Her plane left this morning and on the way to the airport I was reminded strongly of Lord of the Flies...not by my mother, but by the behaviour of people shoving and elbowing to get onto the bus. Honestly, if we're that rude to one another in order to get a seat on a seven-minute bus ride, what hope does humanity have?

I think I've mentioned before that it seems the news recently is universally bad. CNN might as well be replaced, as Ellen Degeneres suggests, with a scrolling banner that reads "Things are getting worse." Maybe I'm just paying more attention lately (bad news has been a perennial complaint since the invention of news) but the level of negativity out there seems to be growing. Is it just me or are we more hostile, more paranoid, more selfish and crude than ever?

More than ever we need the peace of the nativity, the introduction into our midst of God's own salvific presence...but would we even notice? Is it possible for us to tear our attention away from the mindless chatter of modernity to see the humble manger?
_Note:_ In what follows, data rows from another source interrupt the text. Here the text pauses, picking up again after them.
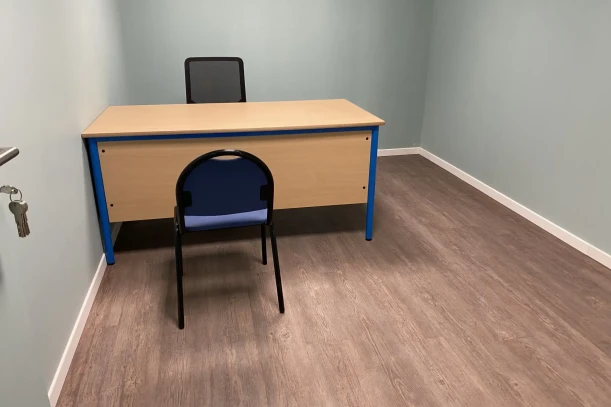 Bureau privé - 78990 - 1 poste - 297€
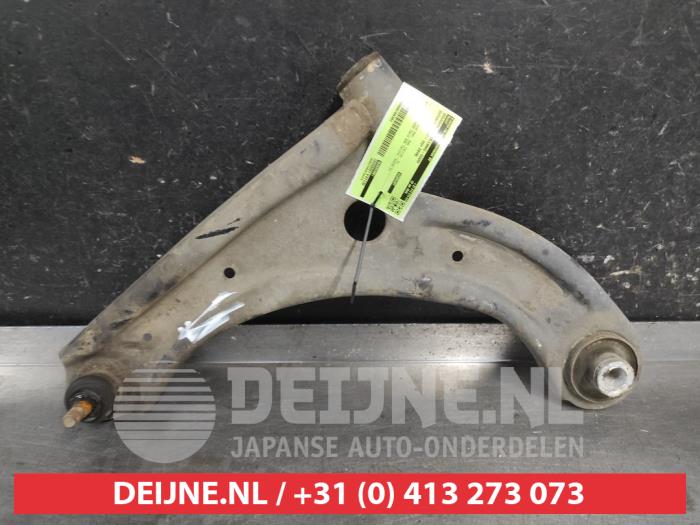 Suzuki Swift Querlenker unten links vorne O708362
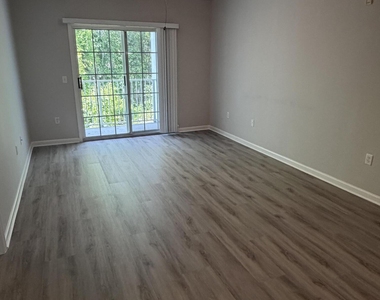 8235 Lobster Bay Court - Photo Thumbnail 9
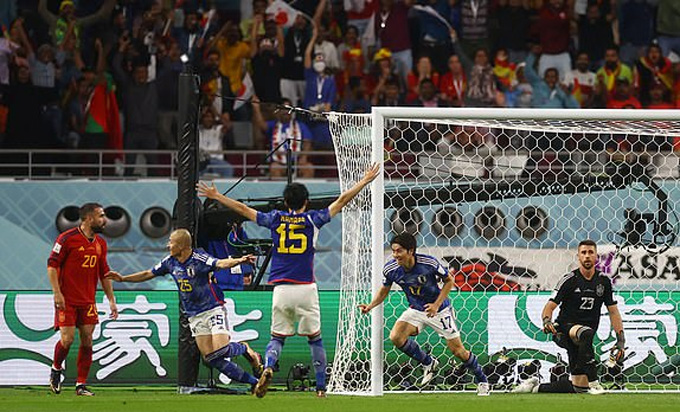 Nhật Bản ghi 2 bàn trong 3 phút để ngược dòng thành công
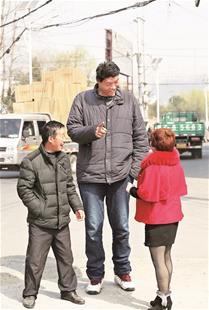 ũ��2��28С�����߳�Ҧ����Ӫ�����������򣬽���ϱ��Ҳû�ҵ�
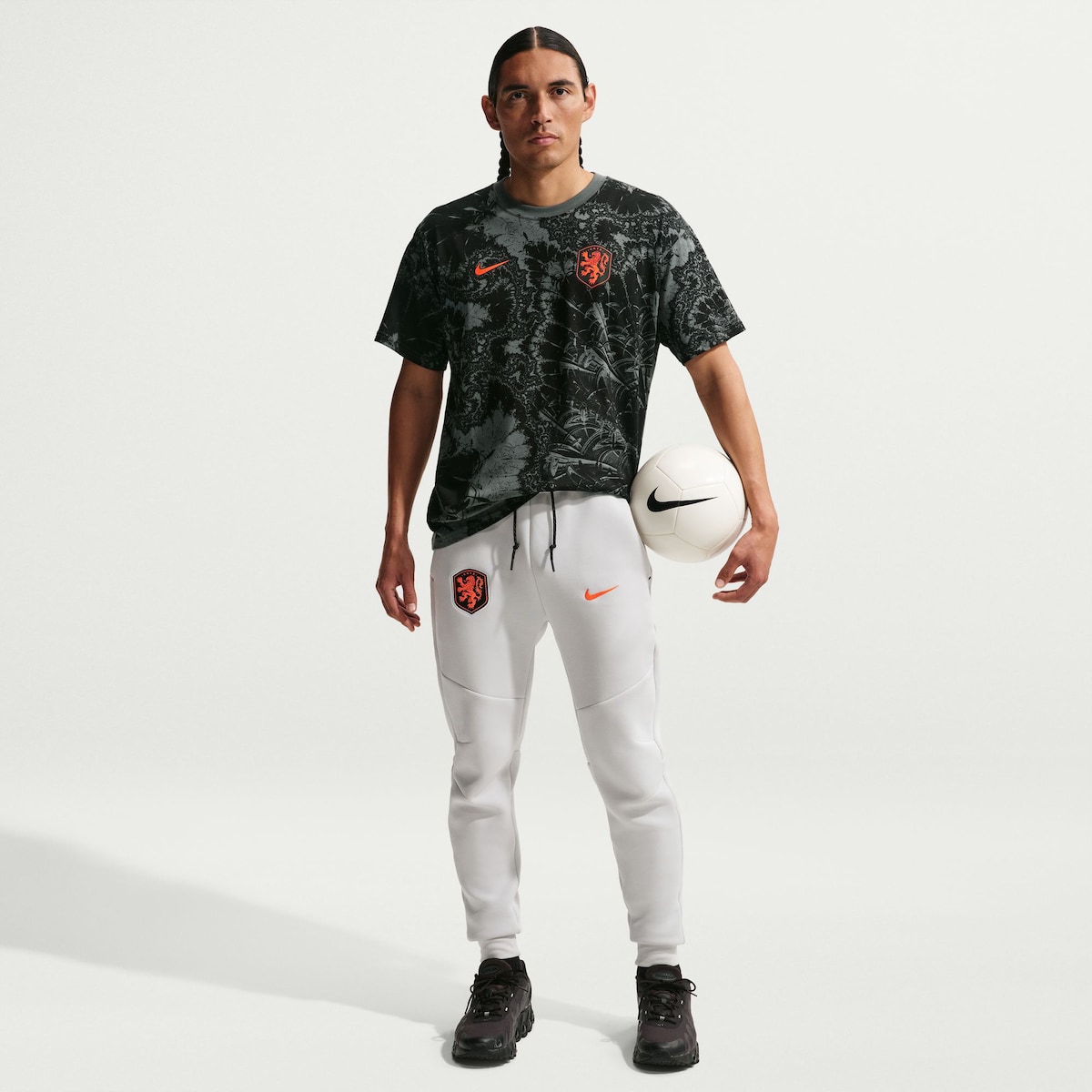 【公式グッズ】NATIONAL TEAM オランダ代表 Tシャツ Nike/ナイキ メンズ グレイ (NIK SU26 Men's AOP SS Tee)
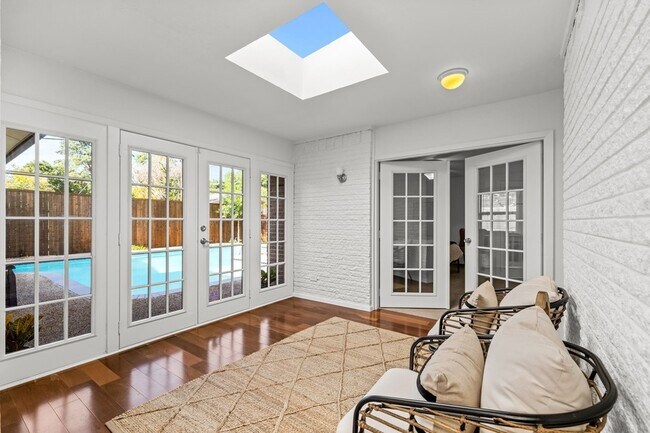 Building Photo - 3875 Buckthorne Dr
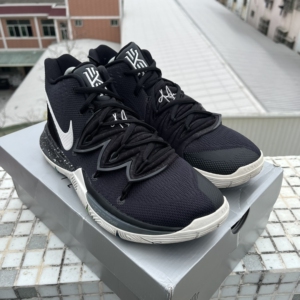 000人付款淘宝欧文5黑魔法 尺码44 无原盒丢失 成色自定义lm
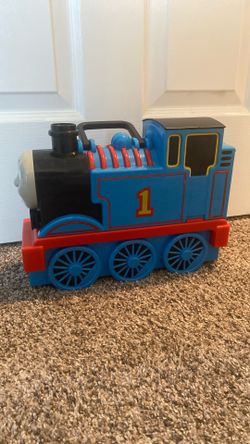 Thomas Train Carrying Case With 8 Engines & 3 Cars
Do we have the patience and humility to seek rest in an infant king, to find victory in a God who triumphs by losing everything? "O come, let us adore him" seems to have become "O come, let us ignore him."

We treat one another so badly that it's hard to believe we've been sanctified by God's incarnation. "What? You assumed this form? You became one of us? Why on earth would you want to do that?" But the truth is that humanity is sanctified, brought en masse into right relation with God. The Word became flesh, took on our being, and became Emmanuel - God with us. In that tiny, helpless baby lay the power to ennoble us beyond the cruelty and selfishness that plagues our broken nature.

And Emmanuel is still with us, though he rarely makes the evening news. When my mum first arrived for her visit, Amy and I went to meet her at the airport. There I indulged in copying Hugh Grant's character from the ever so slightly cloying Love, Actually. I watched people greet loved ones at the arrival gate.

If you find yourself in need of some emotional uplifting, I do recommend arrival gates. Any airport will do, but international arrivals are especially powerful because you can assume that the people arriving have been very far away, indeed. If you don't have an airport handy, try a bus terminal or train station...anywhere that travelers are met by loved ones. Excited children, open arms, kisses and hugs, back slaps and smiles. If you have any empathy at all you'll leave knowing that the world isn't such a bad place.

Of course you might like to try the manger, the most significant arrival gate there is. There you can see a reunion that affected all of us, that sent shockwaves of love through the very core of human existence. The tender care of mother toward child, husband and wife, even of strangers toward this new king...that most amazing of arrivals greeted by the human love that is, actually, all around.